The council unanimously approved (with two council members recused) development permits for the 10,300-square-foot, single-level retail and office building and two-level parking structure planned for the southeast corner of Stevens Avenue and San Rodolfo Drive. The development company, which was granted a similar extension last March for Lomas Santa Fe Plaza, is also planning a mixed-use development for the 1.76-acre lot, located at South Coast Highway 101 and Dahlia Drive, bought for $6.85 million in October.
Mark Swenson, of Studio C Architects, said the Solana Beach Corporate Centre will include restaurant, office and retail establishments. The American Assets leasing department is still in the process of gathering tenants, so developers said they are not sure what the office-to-retail ratio will be at this point.
American Assets requested modifications on the project, approved in 2008, to address prospective tenants’ feedback and reduce the overall development intensity. These modifications include reducing the building size from 12,947 to 10,300 square feet; shifting the building footprint 36 feet to the east and 27 feet to the north; and reducing the size of the parking garage by 30 parking spaces. The new permit restarts the development timeline and expires in two years.
Pedestrian- and bicycle-friendliness on the 9.8-acre site was a main concern of both the council and some community members present at the meeting. The council’s development permit approval included some stipulations, such as more bike racks and audible signals, as suggested by Solana Beach Bicycle and Pedestrian Advisory Committee chair Douglas Alden.
Alden said the group had a meeting last Monday to address desires for this particular project. These desires included painting “sharrow” lane markers — which dictate shared use by cars and bikes — on San Rodolfo Drive.
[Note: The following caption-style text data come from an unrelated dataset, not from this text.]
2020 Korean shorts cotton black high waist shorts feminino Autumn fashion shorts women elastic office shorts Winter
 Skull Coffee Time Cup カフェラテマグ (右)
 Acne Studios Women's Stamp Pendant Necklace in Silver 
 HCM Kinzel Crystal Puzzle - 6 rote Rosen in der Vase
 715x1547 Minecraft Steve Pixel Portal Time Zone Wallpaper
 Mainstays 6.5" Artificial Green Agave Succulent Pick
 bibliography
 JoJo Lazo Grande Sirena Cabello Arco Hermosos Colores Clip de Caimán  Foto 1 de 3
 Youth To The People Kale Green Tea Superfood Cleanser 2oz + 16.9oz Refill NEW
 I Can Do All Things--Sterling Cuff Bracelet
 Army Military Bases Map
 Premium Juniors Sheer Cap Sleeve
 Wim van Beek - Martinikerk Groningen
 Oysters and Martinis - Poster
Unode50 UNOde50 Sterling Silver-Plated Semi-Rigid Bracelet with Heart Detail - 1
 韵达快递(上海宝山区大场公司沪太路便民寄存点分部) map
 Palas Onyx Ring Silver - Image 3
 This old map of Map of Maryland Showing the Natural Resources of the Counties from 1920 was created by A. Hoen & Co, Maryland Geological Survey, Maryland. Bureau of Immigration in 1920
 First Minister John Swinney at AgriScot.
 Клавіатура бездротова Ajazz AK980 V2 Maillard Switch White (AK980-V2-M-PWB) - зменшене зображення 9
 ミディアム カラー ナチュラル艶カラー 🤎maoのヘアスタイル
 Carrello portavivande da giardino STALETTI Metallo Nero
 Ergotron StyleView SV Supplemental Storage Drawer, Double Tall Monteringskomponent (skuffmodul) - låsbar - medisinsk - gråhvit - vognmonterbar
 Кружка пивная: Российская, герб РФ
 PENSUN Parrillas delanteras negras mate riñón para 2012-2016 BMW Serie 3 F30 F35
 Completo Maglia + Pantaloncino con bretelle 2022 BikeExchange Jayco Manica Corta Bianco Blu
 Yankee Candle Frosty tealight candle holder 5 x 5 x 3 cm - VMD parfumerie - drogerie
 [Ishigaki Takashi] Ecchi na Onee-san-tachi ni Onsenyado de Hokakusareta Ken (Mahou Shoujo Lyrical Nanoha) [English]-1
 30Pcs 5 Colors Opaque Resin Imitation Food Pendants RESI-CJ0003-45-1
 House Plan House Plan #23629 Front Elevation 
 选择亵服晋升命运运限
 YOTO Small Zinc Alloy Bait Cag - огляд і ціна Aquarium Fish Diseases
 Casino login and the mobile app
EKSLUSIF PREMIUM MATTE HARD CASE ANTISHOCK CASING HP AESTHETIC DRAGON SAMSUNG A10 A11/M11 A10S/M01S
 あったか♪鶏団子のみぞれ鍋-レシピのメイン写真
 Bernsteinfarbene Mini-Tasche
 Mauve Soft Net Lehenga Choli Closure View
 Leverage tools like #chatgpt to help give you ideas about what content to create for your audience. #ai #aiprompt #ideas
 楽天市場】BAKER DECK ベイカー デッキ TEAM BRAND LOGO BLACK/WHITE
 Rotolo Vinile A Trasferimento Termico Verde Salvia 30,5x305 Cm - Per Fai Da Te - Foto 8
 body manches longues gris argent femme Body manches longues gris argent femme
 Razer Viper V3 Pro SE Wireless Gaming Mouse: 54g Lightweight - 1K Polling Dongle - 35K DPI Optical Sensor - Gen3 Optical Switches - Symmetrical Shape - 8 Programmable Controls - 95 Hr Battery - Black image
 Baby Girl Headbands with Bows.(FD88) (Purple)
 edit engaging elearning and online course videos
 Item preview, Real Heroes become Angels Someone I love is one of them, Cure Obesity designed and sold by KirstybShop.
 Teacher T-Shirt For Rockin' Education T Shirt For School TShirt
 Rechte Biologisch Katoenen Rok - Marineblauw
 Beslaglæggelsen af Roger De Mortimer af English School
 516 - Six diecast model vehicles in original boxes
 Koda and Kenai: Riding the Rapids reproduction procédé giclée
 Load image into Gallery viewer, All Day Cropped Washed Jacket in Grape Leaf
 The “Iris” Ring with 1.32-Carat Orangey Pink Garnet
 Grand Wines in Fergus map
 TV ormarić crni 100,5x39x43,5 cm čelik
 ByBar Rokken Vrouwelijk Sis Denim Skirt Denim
“It’s a narrow lane with street parking so this is a situation where you’d use the sharrow because the bike would take the lane,” said Alden. “It’s an educational tool, as well, that allows people to know that cyclists have a right to be in the lane. You don’t want to ride a bike close to parked cars because if someone swings open the door, you're going to have an accident.”
City Manager David Ott said the city would have to fund and complete a traffic study analysis before putting in sharrows there.
Alden also suggested moving the bike parking closer to the building instead of putting it at the end of the parking structure, as it is currently planned. Mayor Joe Kellejian suggested simply adding additional bike parking and having it at both locations to meet this need. Developers said that would be feasible.
Alden said the traffic signals at San Rodolfo Drive and Stevens Avenue should also be modified to trigger for cyclists (with cameras being the preferred option). Including bike lane striping as part of the project and modifying crosswalk signals to give pedestrians priority are also desires of the group. Ott said this, as well as including pop-out curbs, is something city staff will take a look at.